■ **WHAT YOU NEED TO DO**: Without the pictures, set down every line of the data exactly.
::: INPUT RECORDS
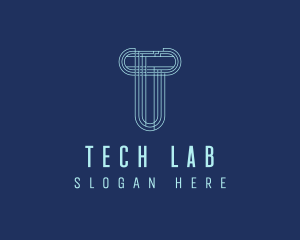 Cyber Tech Letter T logo design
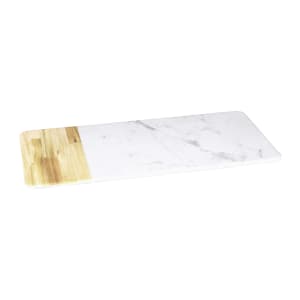 701-M714RCMAWC Rectangular Sierra Serving Board - 14 1/4" x 7", Melamine, Faux Alder Wood/Carrera Marble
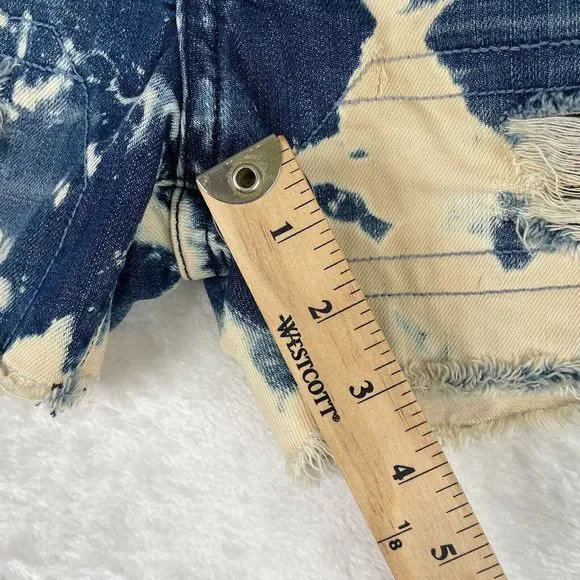 Robins Jean Shorts Womens Size 30 Blue Distressed Gypsy Jeweled Raw Hem Cut Off - Picture 7 of 15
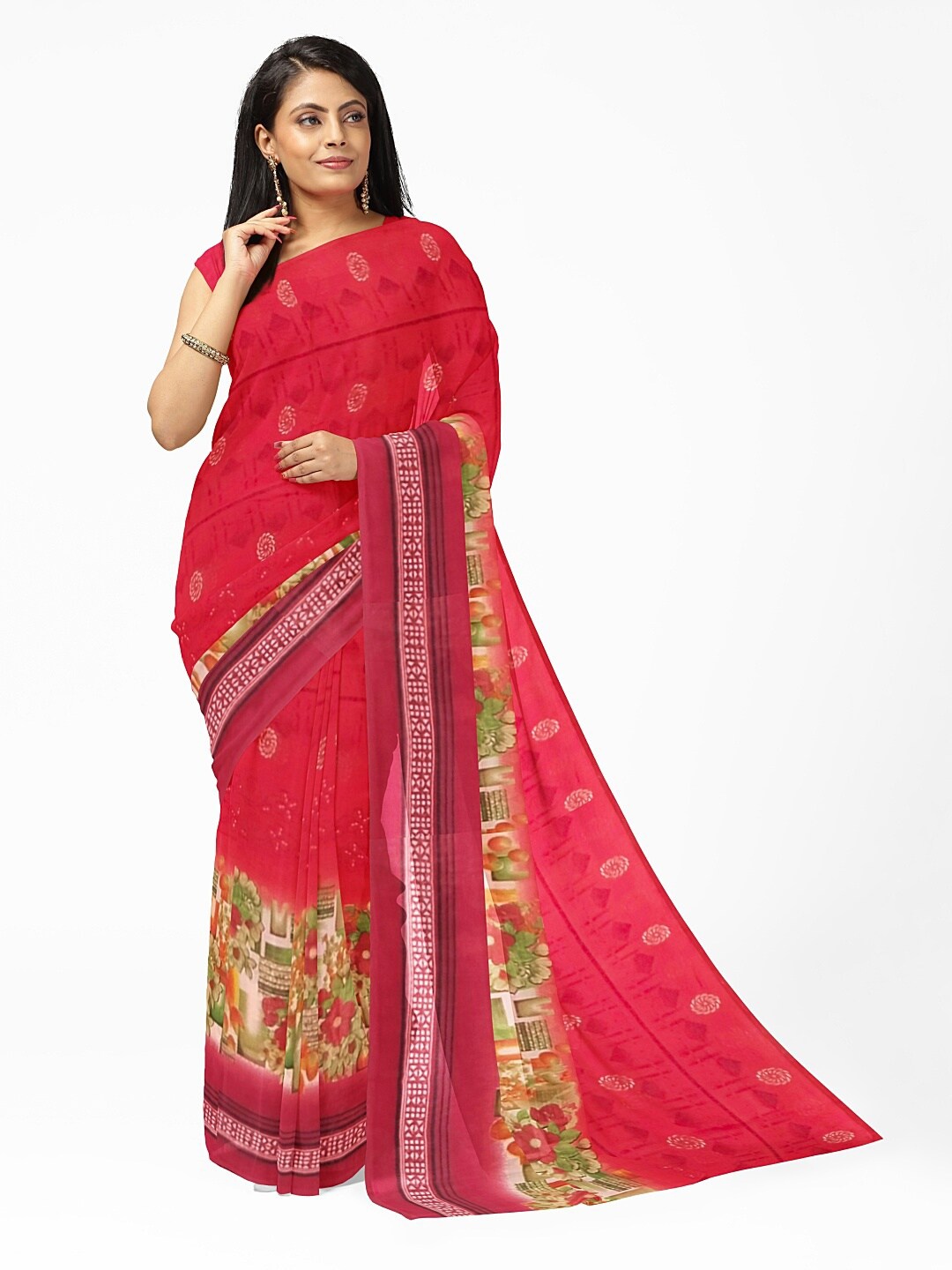 

Florence Peach-Coloured & Green Floral Pure Georgette Dharmavaram Saree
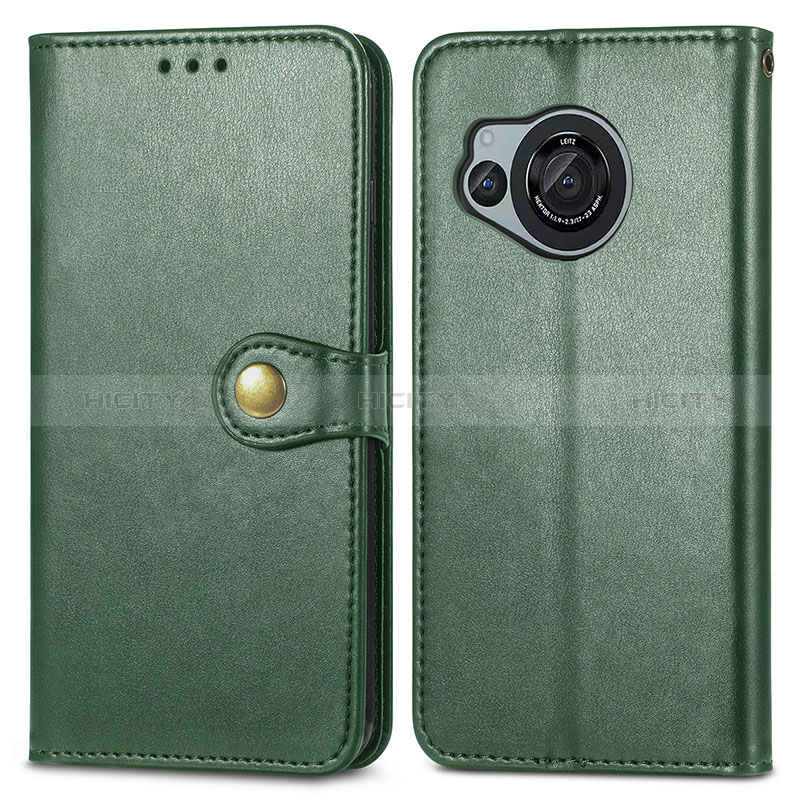 Custodia Portafoglio In Pelle Cover con Supporto S05D per Sharp Aquos R8 Verde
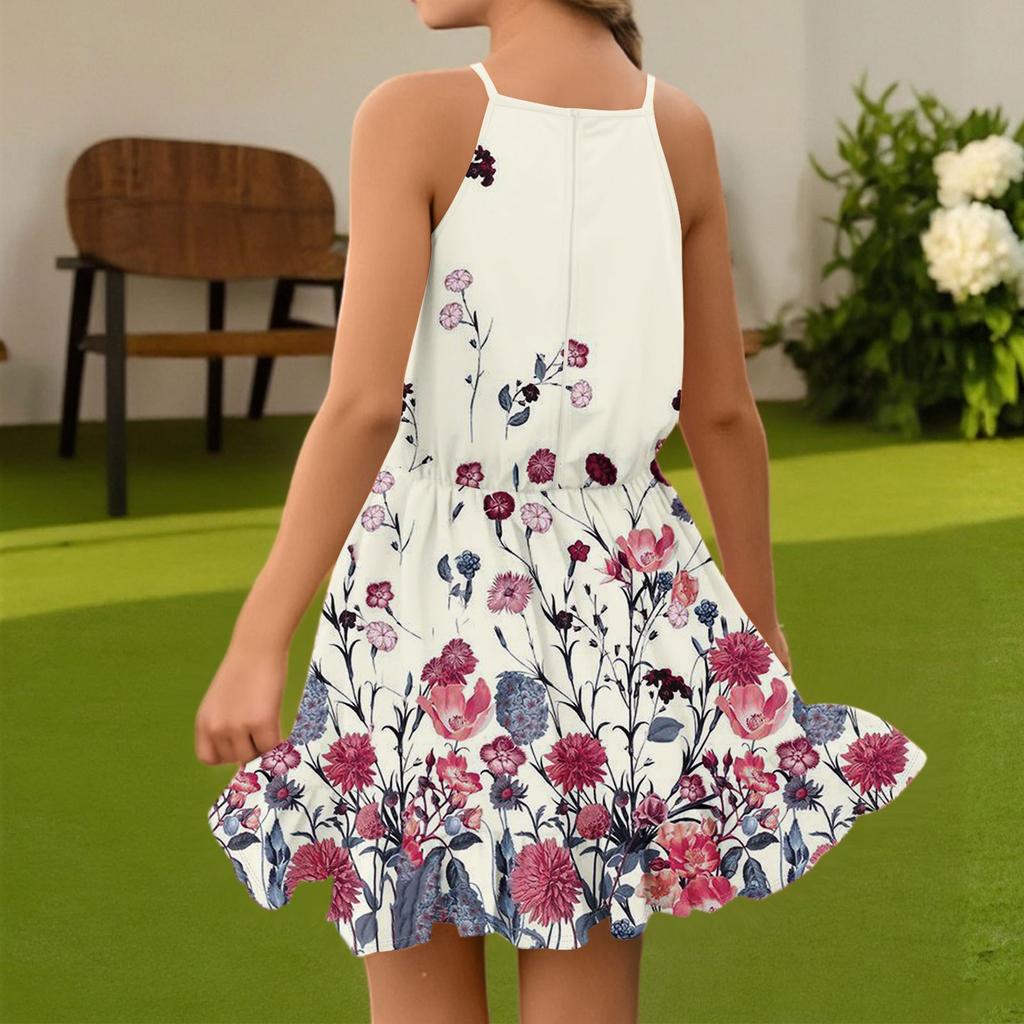 Детское летнее повседневное модное платье с круглым вырезом, однотонное, без рукавов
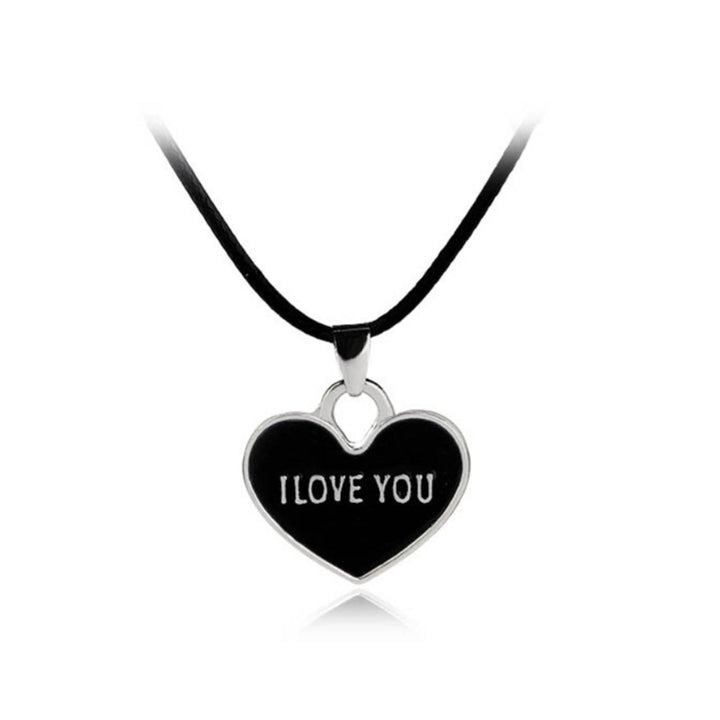 1 Pair Unisex Creative I Love You Forever Letter Black White Heart-Shaped Pendant Couple Necklace Valentines Gift Image 9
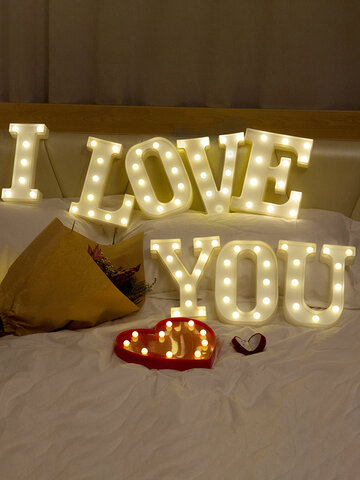 LED English Letter And Symbol Pattern Night Light Home Room Proposal Decor Creative Modeling Lights For Bedroom Birthday Party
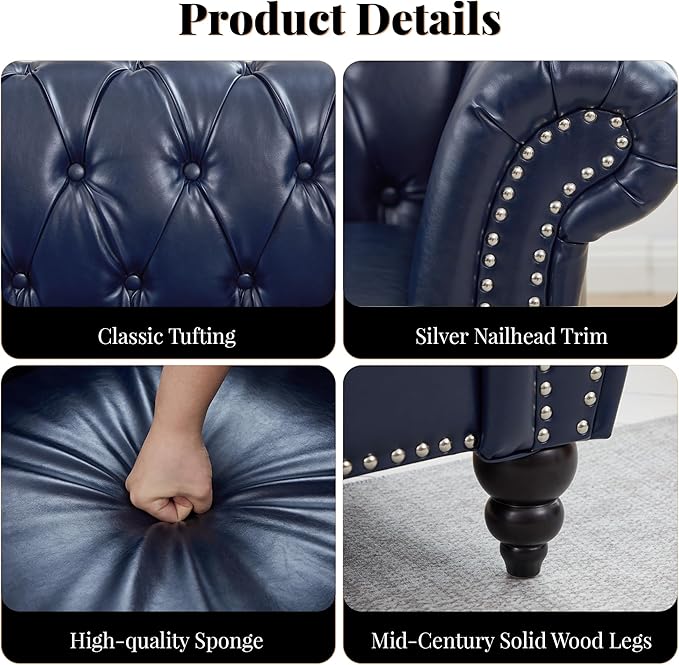 LEVNARY Chesterfield Loveseat, 2 Seater Tufted Couch - Image 5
::::::
■ **OUTPUT FOR THIS EXERCISE**:
 Cyber Tech Letter T logo design
 701-M714RCMAWC Rectangular Sierra Serving Board - 14 1/4" x 7", Melamine, Faux Alder Wood/Carrera Marble
 Robins Jean Shorts Womens Size 30 Blue Distressed Gypsy Jeweled Raw Hem Cut Off - Picture 7 of 15

Florence Peach-Coloured & Green Floral Pure Georgette Dharmavaram Saree
 Custodia Portafoglio In Pelle Cover con Supporto S05D per Sharp Aquos R8 Verde
 Детское летнее повседневное модное платье с круглым вырезом, однотонное, без рукавов
 1 Pair Unisex Creative I Love You Forever Letter Black White Heart-Shaped Pendant Couple Necklace Valentines Gift Image 9
 LED English Letter And Symbol Pattern Night Light Home Room Proposal Decor Creative Modeling Lights For Bedroom Birthday Party
 LEVNARY Chesterfield Loveseat, 2 Seater Tufted Couch - Image 5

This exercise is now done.